Hinzu kommt, dass Selenski mit seinen Personalentscheiden keine Tabula rasa macht. Mehrere der zurückgetretenen Führungsleute werden nicht in die Wüste gejagt, sondern erhalten andere oder erweiterte Aufgaben. Kuleba beispielsweise soll sich angeblich auf die Nato-Integration konzentrieren, während die für die EU-Beitrittsverhandlungen zuständige Vizeministerpräsidentin Olha Stefanischina zusätzlich das Justiz-Dossier erhält. Das ergibt Sinn, weil Rechtsstaatsreformen eine zentrale Herausforderung auf dem Weg in die EU darstellen. Bei drei weiteren Wechseln handelt es sich um Rochaden zwischen der Regierung und der mächtigen Präsidialverwaltung, was ein in Präsidialrepubliken typischer Karriereweg ist. Die grosse Umbildung hat deshalb bei genauerem Hinsehen keinen radikalen Charakter.

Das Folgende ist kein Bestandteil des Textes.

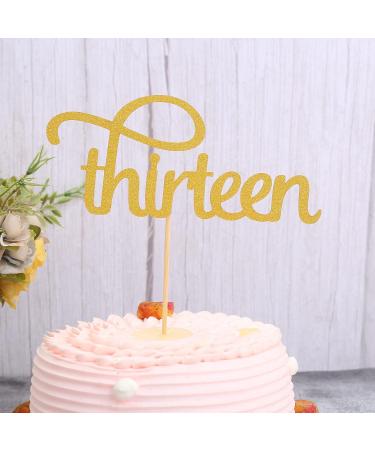 Gold Thirteen Birthday Cake Topper - Single-Side Gold Glitter 13th Birthday Party Decoration 13th Anniversary Party Decoration Supplies Boy/Girl's 13 Years Old Birthday Cake Sign Thirteen 13 - Buy Online on GoSupps.com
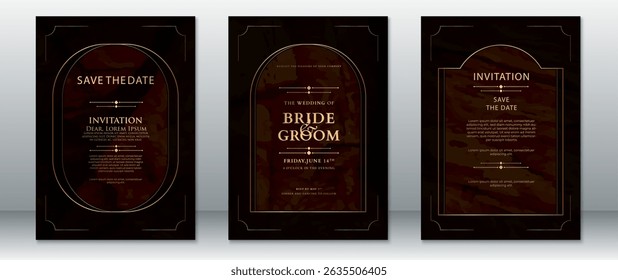 Dark Brown Wedding Invitation Set with Gold Arch Frames and Elegant Layout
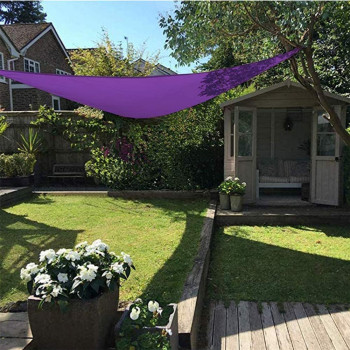 CLG Triangle Sun Shade Sail, Outdoor Swimming Pools Garden Patio, Waterproof 98% Anti-UV Sunscreen Awning Canopy, Various Sizes, Easy Clean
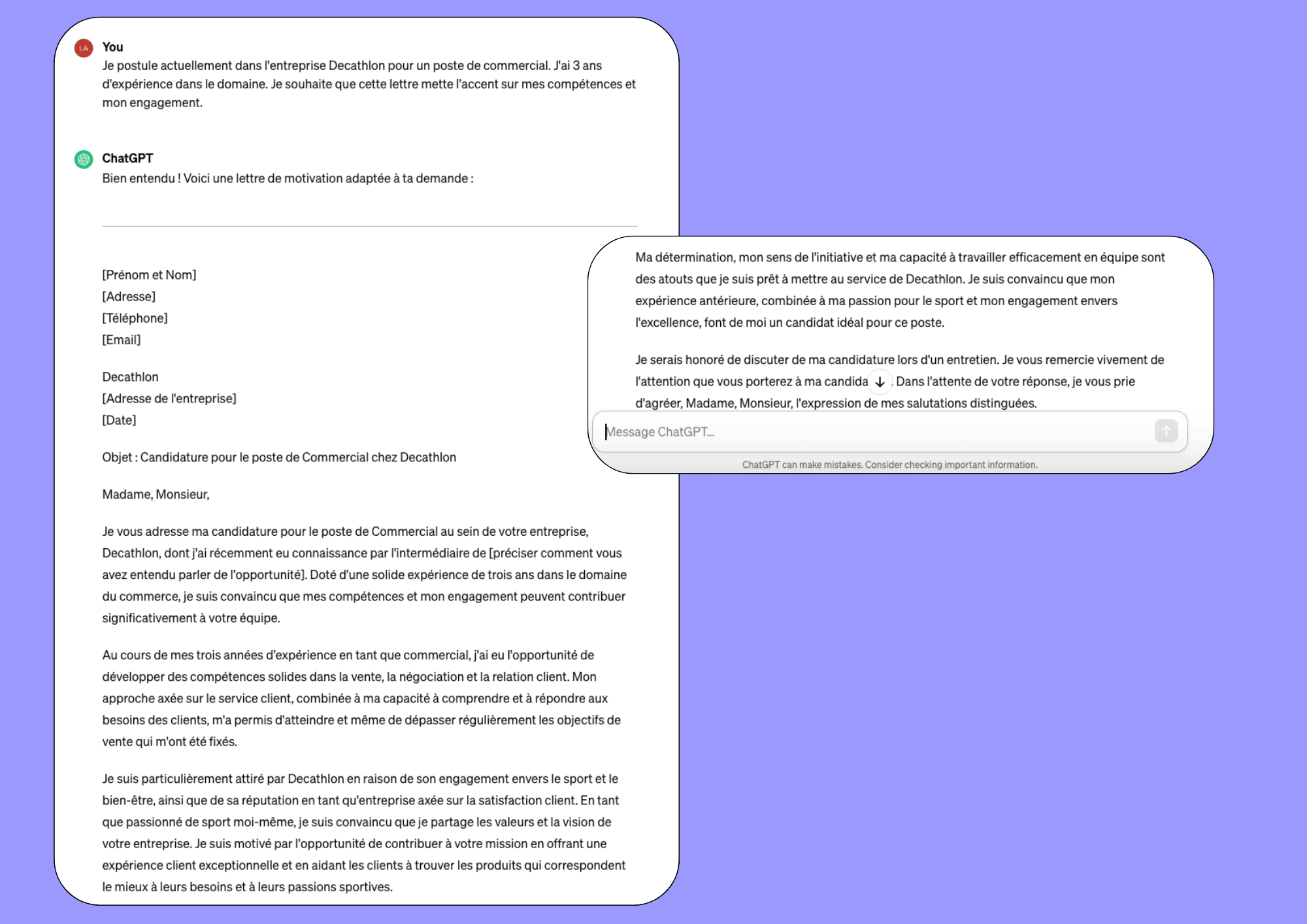 Exemple de prompt ChatGPT avec contexte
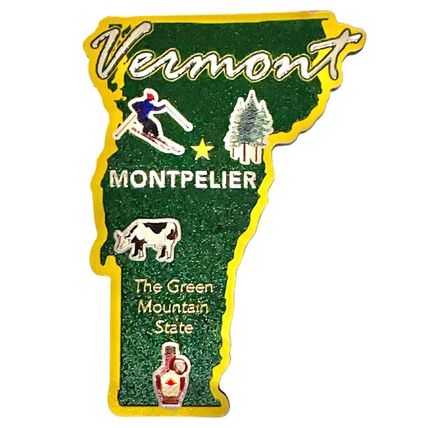 Vermont The Green Mountain State Foil Fridge Magnet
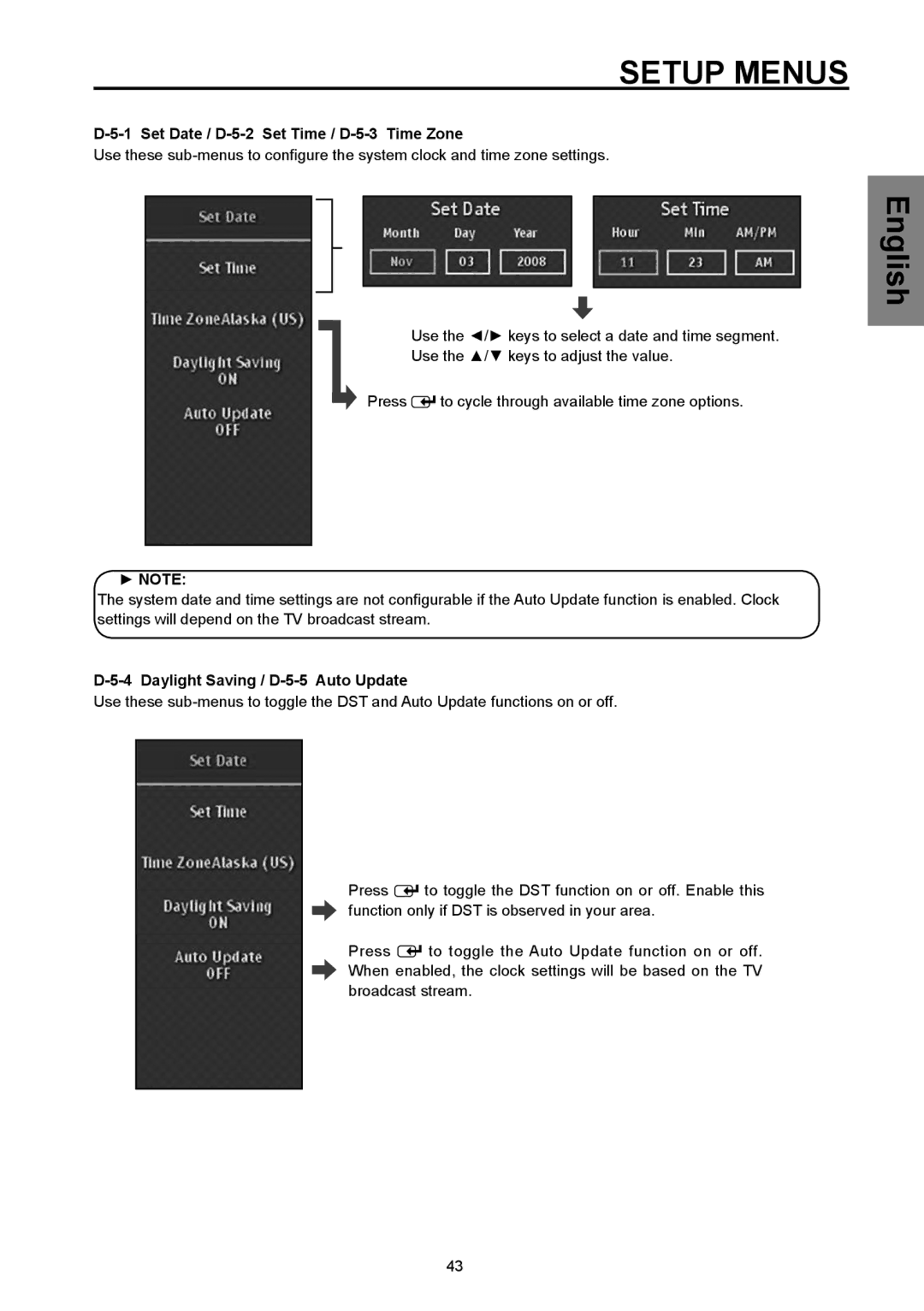 Westinghouse SK-26H570D, SK-32H570D Set Date / D-5-2 Set Time / D-5-3 Time Zone, Daylight Saving / D-5-5 Auto Update 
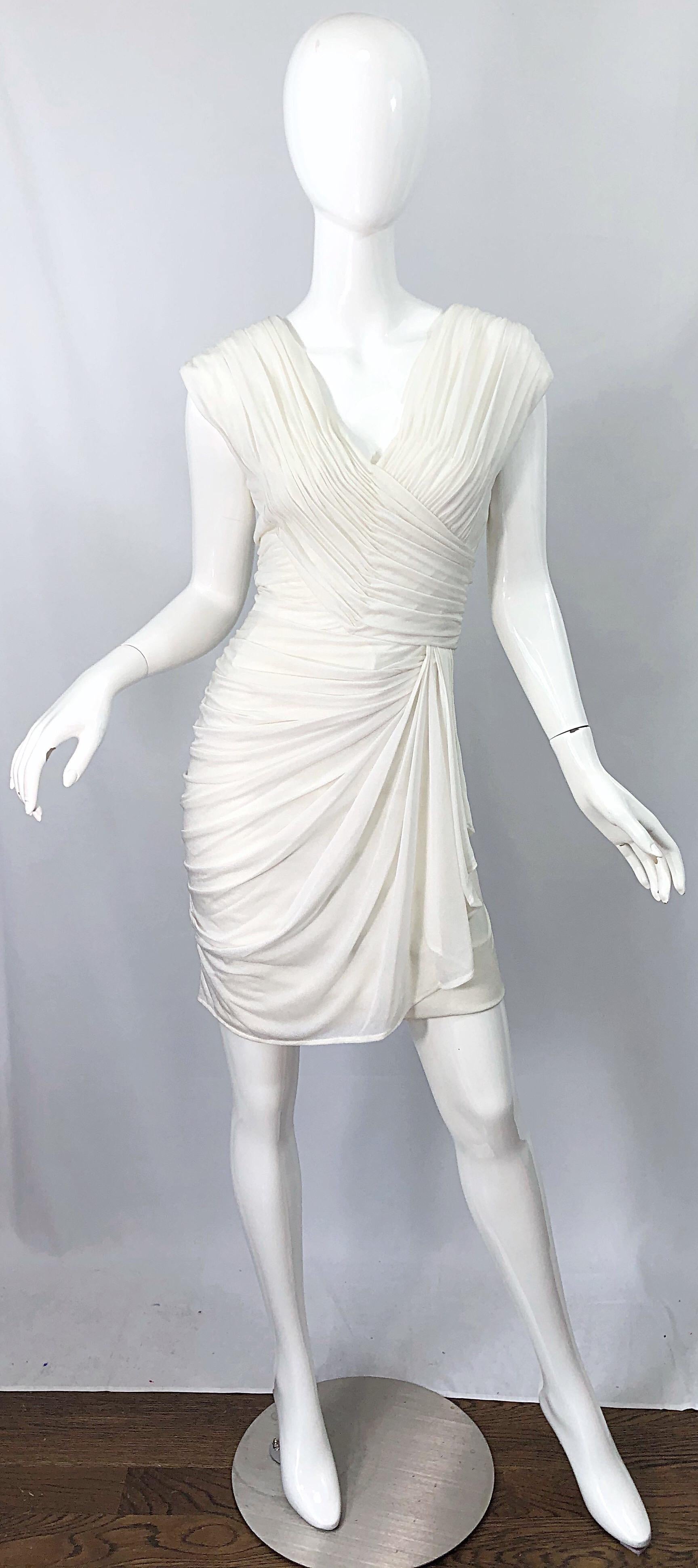 Late 1970s Loris Azzaro Couture White Silk Matte Jersey Grecian Inspired Dress 5
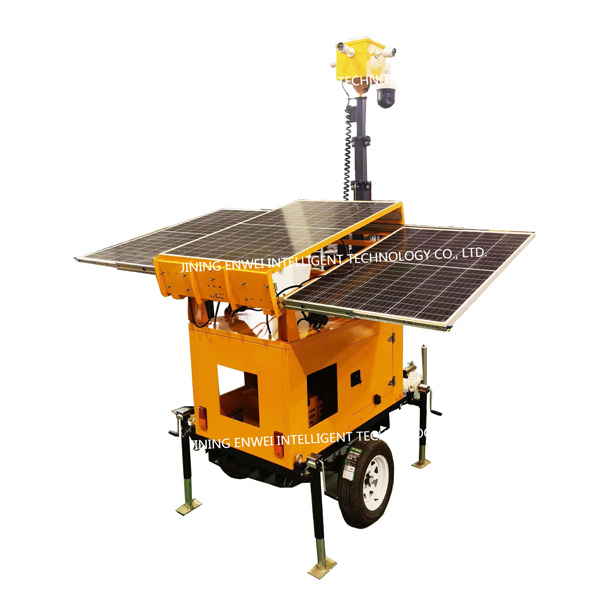 3*300W Solar Panel Solar Camera Trailer Portable Security Camera Trailer DC12V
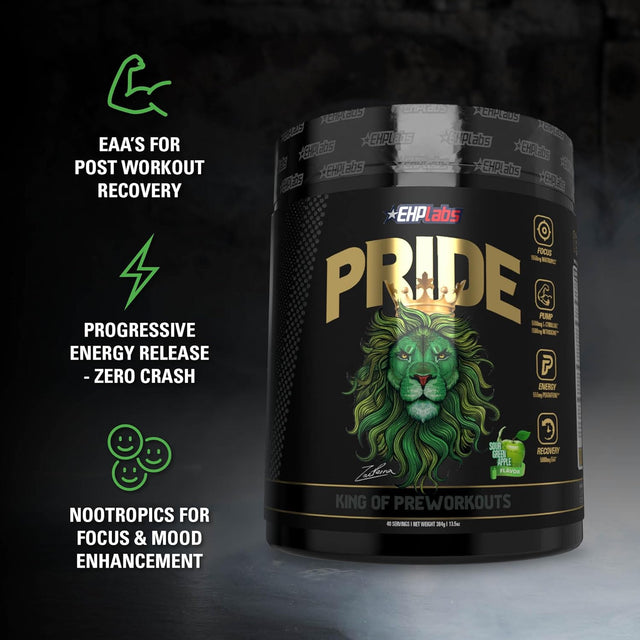 Ehplabs Pride Pre Workout Powder Energy Supplement - Sugar Free Preworkout for Men & Women, Energy Powder Boost Drink with BCAA - 280Mg of Caffeine - Sour Green Apple (40 Servings)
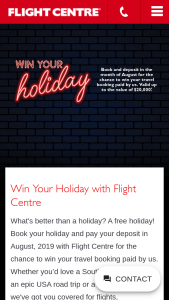 Flight Centre -Book and deposit to – Win Your Holiday Competition (prize valued at $20,000)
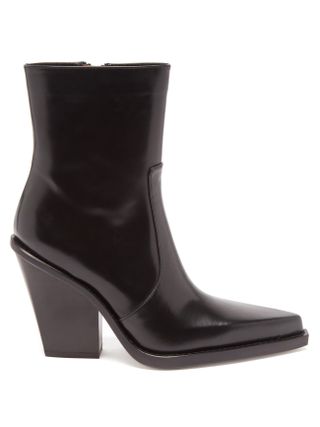 Paris Texas + Rodeo Point-Toe Leather Ankle Boots
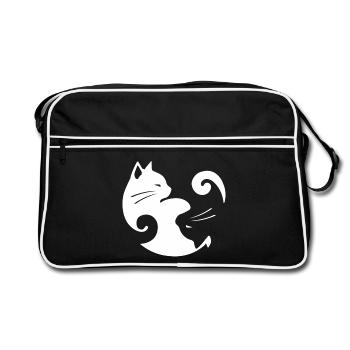 Yin-Yang-Katzen-Balance - Retro Tasche - Schwarz/Weiß - Vorne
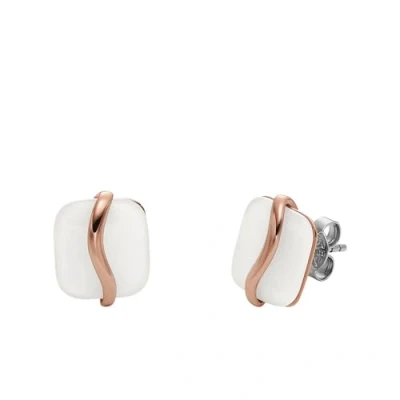 Image of Skagen Women&#039;s Sofie Sea Glass White Organic Shaped Stud Earrings, SKJ1817791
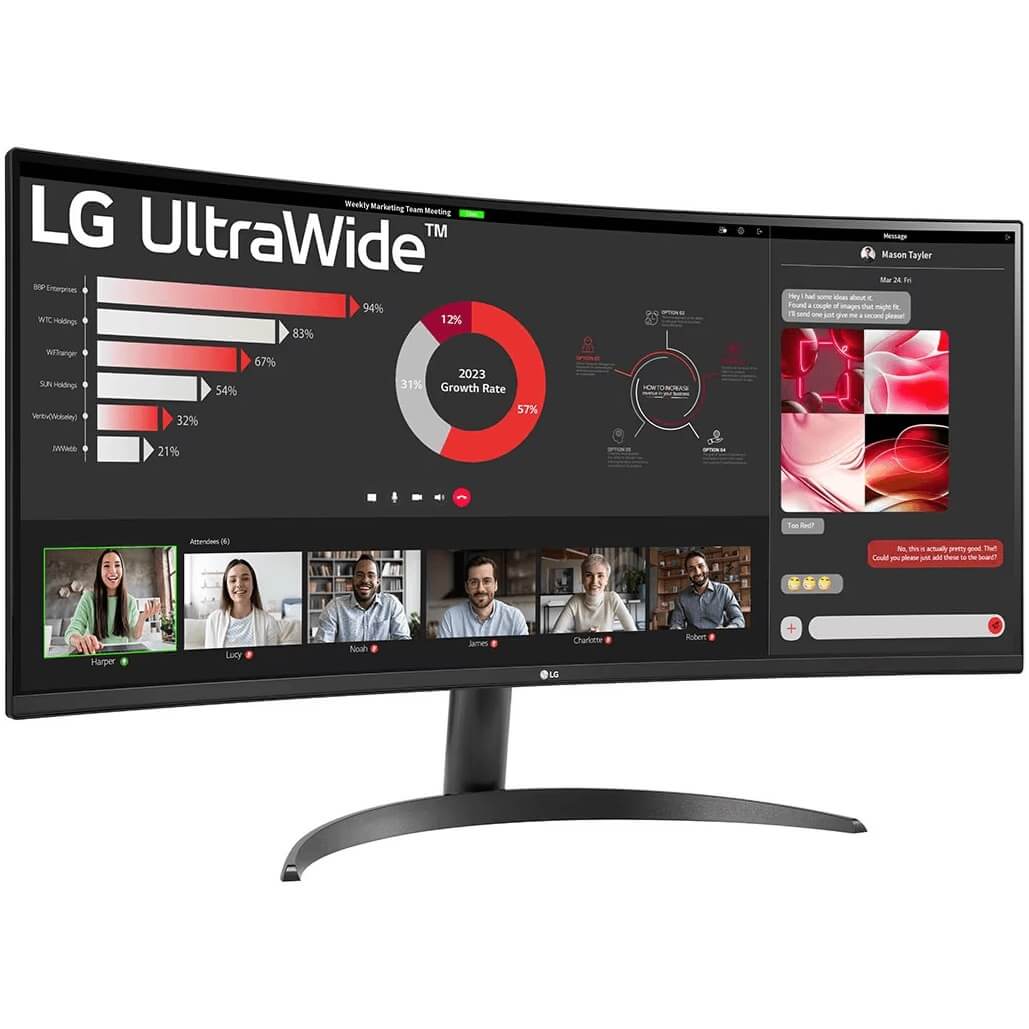 LG UltraWide 34WR50QC 34″ QHD Curved Monitor (LG-34WR50QC) image 2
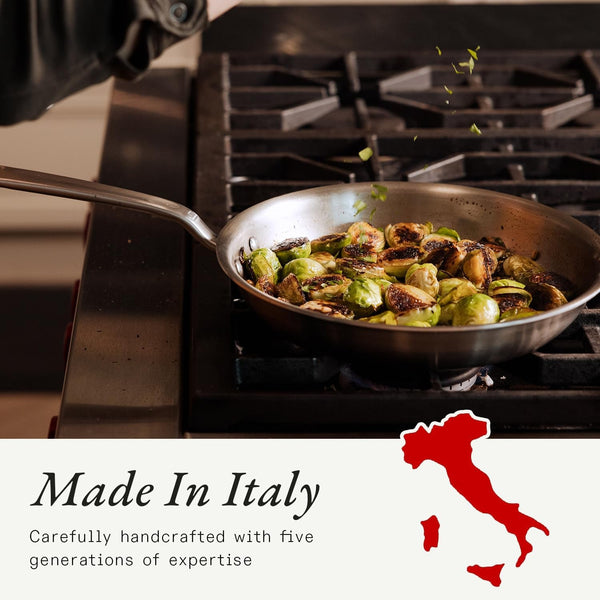 Made in Cookware - 10 Piece Stainless Steel Pot and Pan Set - 5 Ply Clad - Includes Stainless Steel Frying Pans, Saucepans, Saucier and Stock Pot W/Lid - Professional Cookware - Crafted in Italy7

Sündenböcke als bequemer Ausweg

Trotzdem bleibt ein schaler Nachgeschmack. Der Präsident hat es bis jetzt versäumt, seine Beweggründe klar zu formulieren und der Bevölkerung reinen Wein einzuschenken. Welche Fehler sind geschehen, die personelle Konsequenzen erfordern? Selenski hat ein gutes Gespür für Unmut im Land, aber reagiert manchmal, indem er einfach Sündenböcke präsentiert. Die Absetzung des Chefs des staatlichen Stromkonzerns, der schwerlich für den mangelhaften Schutz vor russischen Luftangriffen auf die Energieversorgung verantwortlich gemacht werden kann, ist nur das neuste Beispiel. Irritierend war auch, dass Selenski kürzlich nach dem Absturz eines F-16 sogleich den Kommandanten der Luftwaffe entliess, obwohl die Ursache des Absturzes offiziell noch gar nicht ermittelt ist.

Aus einer innen- und machtpolitischen Logik ist dieses Vorgehen jedoch gut verständlich. Der ukrainische Präsident steht unter enormem Druck. Die Anspannung ist ihm anzusehen, die Frustration über Rückschläge im Kampf gegen die russischen Aggressoren ebenfalls. In dieser Situation will er seine Regierungsmannschaft zu äusserstem Einsatz antreiben. Niemand soll es sich auf einem Posten gemütlich machen, allen soll die Furcht vor einer Absetzung bei mangelnden Resultaten im Nacken sitzen. Auf diese Weise stärkt Selenski auch seine persönliche Macht; das ist klar. Aber er signalisiert zugleich, dass er seinem prowestlichen Kurs treu bleibt und dabei neue Kräfte aus der Reserve holt.